Но семья Лажечникова, главным образом отец его, составляла резкое исключение как с внешней стороны, так и с внутренней. Самые богатые коломенские купцы, как и внешнее провинциальное купечество, жили скаредно, одевались по-мещански, в полдень «ели редьку, хлебали деревянными или оловянными ложками щи, на которых плавало по вершку сала, и уписывали гречневую кашу пополам с маслом» («Беленькие, черненькие и серенькие»). Единственная роскошь, которую себе позволяли коломенские коммерсанты, было спать до одурения. «После обеда, вместо кейфа, они беседовали немного с высшими силами, то есть пускали к небу из воронки рта струи воздуха, потом погружались в сон праведных. Выбравшись из-под тулупа и с лона трехэтажных перин, а иногда с войлока на огненной лежанке, будто из банного пара, в несколько приемов осушали по жбану пива, только что принесенного со льда; опять кейфовали, немного погодя принимались за самовар в бочонок, потом за ужин с редькой, щами и кашей и опять утопали в лоне трехэтажных перин». «Как видите, жизнь патриархальная! – резюмирует Лажечников. – Немногие избранники отступали от нее. Книжки в доме ни одной, разве какой-нибудь отщепенец-сынок, от которого родители не ожидали проку, тайком от них, где-нибудь на сеннике, теребил по складам песенник или сказки про Илью Муромца и Бову Королевича».

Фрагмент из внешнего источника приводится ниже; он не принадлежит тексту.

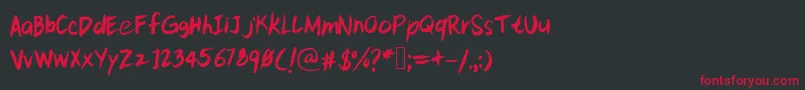 fuente Kittypeextra – Fuentes Rojas Sobre Fondo Negro
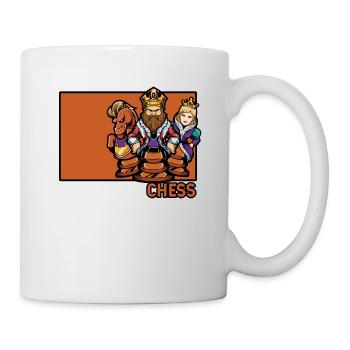 Chess Doodle Chinese Hanzi Queen Player - Mug - white - Right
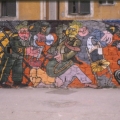 Mural al Quadrivio Arzano (Napoli), 1982. Vista parziale.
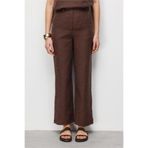 Mizalle Geniş Paça Basic Pantolon, S, M2MZ1010130256, Kahverengi, Kadın
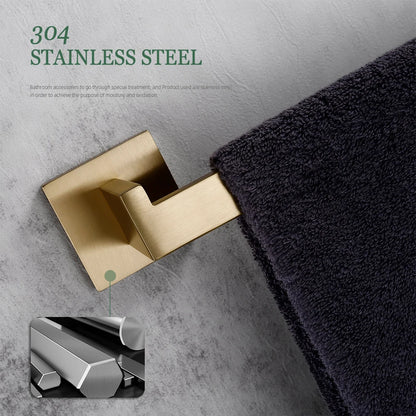 Matte Gold Towel Rack 304 Stainless Steel Towel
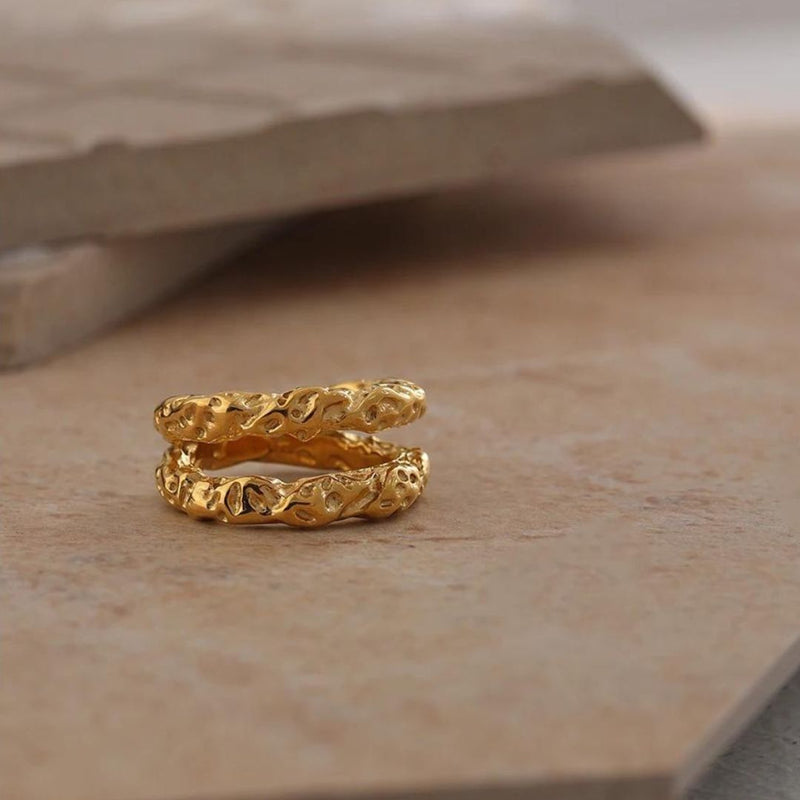 Strukturierter Doppelring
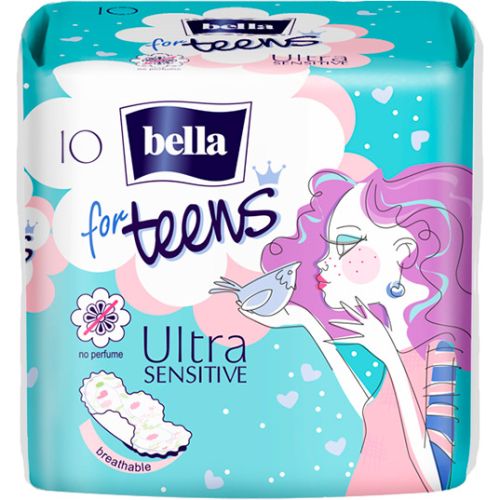 Гигиенических прокладок Bella for Teens Ultra Sensitive, 10 шт. в интернет-аптеке - фото №1 Гигиенических прокладок Bella for Teens Ultra Sensitive, 10 шт. в интернет-аптеке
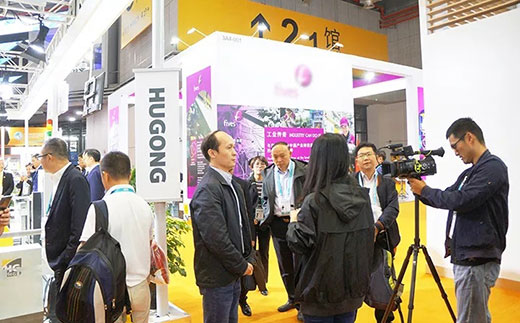 江苏常州卫视拍摄hg8868皇冠国际意大利CEA展位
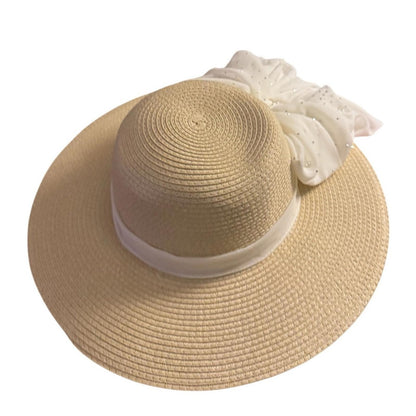 Style & Co. Elegant Tan and white Women's Sun Hat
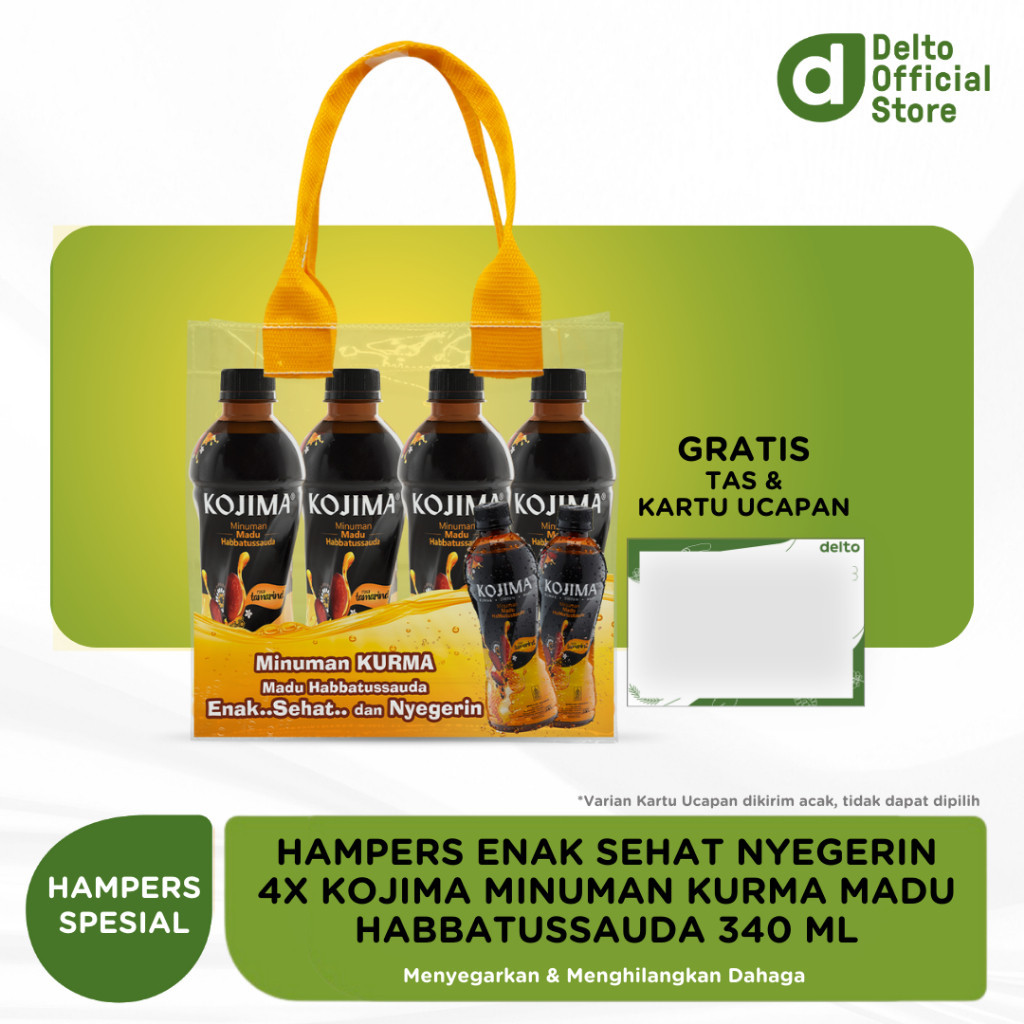 

Hampers Enak Sehat Nyegerin 4X Kojima Minuman Kurma Madu Habba 340 ml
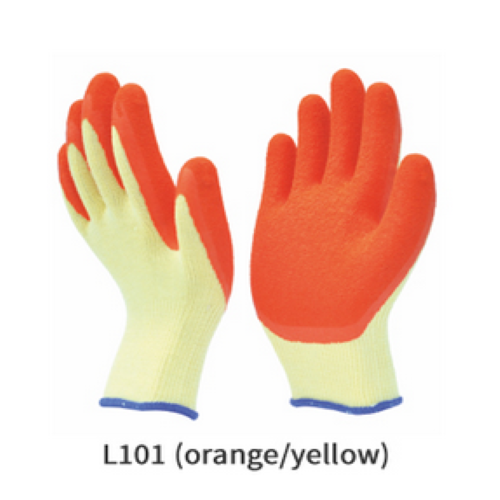 RIFA CE Latex Coated Work Gloves, Powder Free, Size: Small, Medium And Large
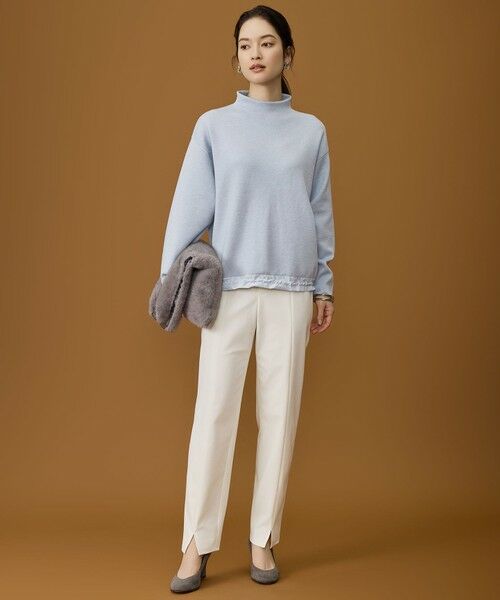 自由区 / ジユウク ニット・セーター | 【SHIHOさん着用】スムージードローコード ニット | 詳細6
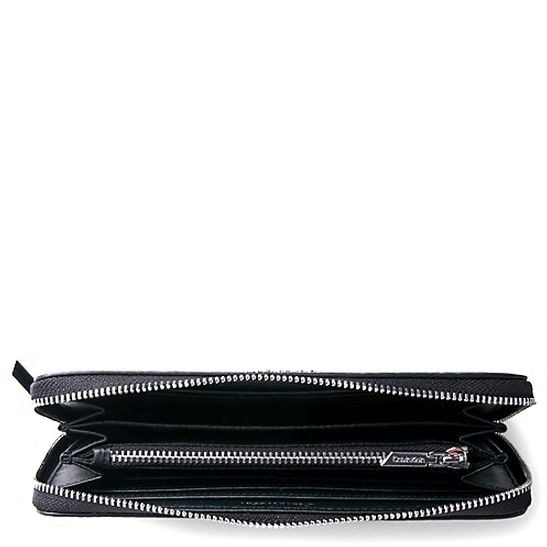 CALVIN KLEIN Piniginė moterims, Juoda, Must z/a wallet 3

Отец Лажечникова был один из «немногих», решительно отступивших от этой «патриархальной» жизни.
Получив после смерти отца своего богатое наследство, он построил себе превосходный дом, поражавший своим внутренним и внешним великолепием.
«Дом этот славился роскошью своего убранства, – пишет Лажечников в одном месте своих воспоминаний о двенадцатом годе («Новобранец 12-го года»), – везде паркеты из красного, черного, пальмового дерева, мрамор, штоф… В нем отец мой угощал великолепных сынов кончавшегося века
…из стаи славной
Екатерининских орлов.
И угощал великолепно, не ударял лицом в грязь перед важными господами, не брезгавшими водить хлеб-соль с купцом. Он жил вообще как богатые дворяне того времени. И чтобы совсем походить на них, он купил себе даже поместье в 23 верстах от Коломны – Красное Сельцо. Поместье это было куплено на имя хорошего приятеля Лажечникова, московского губернатора Обрезкова; на чужое имя, как мы полагаем, потому, что купцам в то время было воспрещено покупать населенные имения. «Во время цветущего положения дел» отца Ивана Ивановича Лажечникова, сообщается в автобиографии, читанной Ф. Ливановым на пятидесятилетнем юбилее нашего романиста, «Красное Сельцо было настоящим Эльдорадо того времени. Туда стекались дворяне уезда на приманку вкусных обедов с аршинными стерлядями, пойманными в собственных прудах, и двухфунтовыми грушами, только что сорванными в своих оранжереях. Все это приправляли радушие, ум, любезность хозяина и красота хозяйки, истовой красавицы своего времени. Офицеры Екатеринославского кирасирского полка, стоявшего в окрестности, толпились каждый день у гостеприимного амфитриона. Трехэтажный дом и такой же флигель не могли вместить на сон грядущий посетителей. Губернаторы, ездившие ревизовать губернию, делали несколько верст крюку по проселочной дороге, чтобы откушать хлеба-соли у радушного помещика-купца. Порядочный оркестр домашних музыкантов во время обедов услаждал слух гостей увертюрами из тогдашних модных опер».